I also tried with index (dimension1, dimension3, id), but the explain result is exactly the same.

Best Answer

It looks like all the data you need to resolve this query via the nested loop was already cached in RAM. PostgreSQL's planner would not be aware of that, it assumes it is going to have to go to disk to get much of the data.
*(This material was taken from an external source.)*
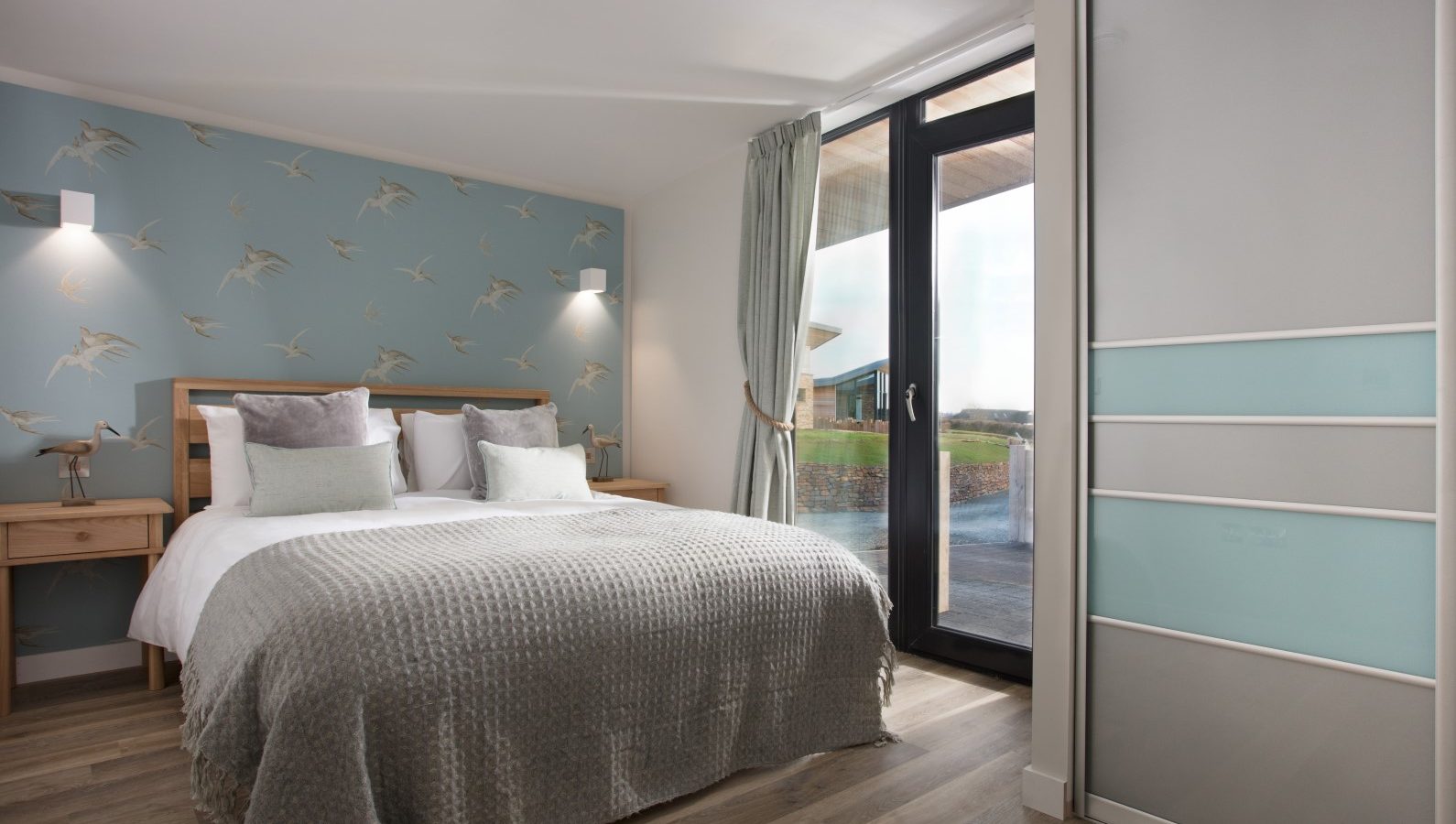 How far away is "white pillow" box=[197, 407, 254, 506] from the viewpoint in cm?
313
If it is all cached, that could happen either fairly or unfairly.

Fairly could be that you have a lot of RAM and most of your data is in cache most of the time. In that case, lowering random_page_cost to be the same or nearly the same as seq_page_cost is the correct response. But be warned that if you ever restart the server, you could be in for a painful warm up period as the cache gets reloaded from disk.

Another "fairly in cache" would be that you actually run the exact same query with the exact same parameter (2016-08-20) very often in production, and so that particular set of data stays in memory even though most of your data does not. In this case, lowering random_page_cost could fix this particularly query, but make other ones worse. One solution would be to lower random_page_cost or set enable_seqscan=off just for this query and reset it afterwards, if your framework lets you do that.

"Unfairly in cache" would be that you keep testing this query with a parameter of 2016-08-20, when your real query will use a different parameter each time. This means your performance testing server gets to re-use the same data over and over without reading it from disk, while your production server would not be able to do so. In this case you need to improve your testing/benchmarking method to be more realistic.